Wealthy donors and sponsors, meanwhile, will ensure Arc continues to be as lavish as previous years thanks to support on a scale that puts other conservative events in the shade, including the “Great British-PAC’ venture organised by Liz Truss for July, the former Tory MP who was briefly prime minister in 2022.

The conference’s main funders include Paul Marshall, co-owner of GB News, and the Dubai-based investment fund Legatum. In the past, the conference has also received financial backing from a host of American fossil fuel interests and leading Trump donors.

In his speech at the event last year, Marshall claimed countries were “being infected by an ideological zeal” that had led them to develop net zero plans and that economic prosperity was being sacrificed “for the sake of making some fractional changes to the level of CO2 in the atmosphere”.

Corporate attendees this year will include Johnson & Johnson, Palantir, BP, Philip Morris International, Rio Tinto, Airbus, Sanofi, US investment fund RedBird Capital and DP World, owned by the Dubai government.

An Arc spokesperson said its role was to bring together leaders across business, culture, politics, and technology to discuss how to “recover civilisational foundations”.

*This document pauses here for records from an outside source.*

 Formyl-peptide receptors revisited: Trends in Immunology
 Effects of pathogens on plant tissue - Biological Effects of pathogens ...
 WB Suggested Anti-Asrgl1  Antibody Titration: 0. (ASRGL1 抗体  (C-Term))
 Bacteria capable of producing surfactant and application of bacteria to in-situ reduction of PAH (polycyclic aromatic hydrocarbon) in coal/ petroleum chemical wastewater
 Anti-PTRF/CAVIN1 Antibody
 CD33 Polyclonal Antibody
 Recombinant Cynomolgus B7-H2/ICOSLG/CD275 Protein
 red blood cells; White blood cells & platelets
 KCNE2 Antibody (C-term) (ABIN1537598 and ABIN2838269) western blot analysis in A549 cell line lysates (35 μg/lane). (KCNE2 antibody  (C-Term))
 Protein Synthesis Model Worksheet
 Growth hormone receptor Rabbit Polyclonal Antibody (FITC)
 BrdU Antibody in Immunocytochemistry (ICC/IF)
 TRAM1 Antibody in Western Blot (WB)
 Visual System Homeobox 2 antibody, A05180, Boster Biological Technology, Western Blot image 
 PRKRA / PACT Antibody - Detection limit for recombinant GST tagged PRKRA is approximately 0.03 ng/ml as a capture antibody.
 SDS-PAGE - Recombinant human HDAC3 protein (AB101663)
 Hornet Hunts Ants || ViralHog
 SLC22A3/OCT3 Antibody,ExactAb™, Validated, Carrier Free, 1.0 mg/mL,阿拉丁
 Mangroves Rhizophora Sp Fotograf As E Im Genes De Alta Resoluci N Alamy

“When we launched in 2023, it was tantamount to heresy to challenge net zero – now everyone from Bill Gates and Tony Blair to leaders across the right have made the point that abundant, reliable, cheap energy is the base layer of modern civilisation.

“At the same time, no one was talking about demographic decline as a major risk for the West, now it is firmly on the radar.”

However MSI Reproductive Choices, which provides contraception and abortions to women in Britain and internationally, said the presence of US officials and other American activists at Arc raised serious concerns about attempts to import US-style culture-war politics into the UK.

Tim Bale, professor of politics at Queen Mary University of London, said: “The Arc gathering – and the fact that its attendees include politicians from both the outer fringes and the conventional parts of what it seems reasonable to call the rightwing international – is a symptom of the collapse of what used to be a heavily policed border between the far and the centre-right.”

“Mainstream conservatives seem to have given up on the idea that they can see off the insurgents on their flank, preferring that old adage, ‘If you can’t beat them join them’ – if not institutionally via formal pacts or mergers then ideologically.”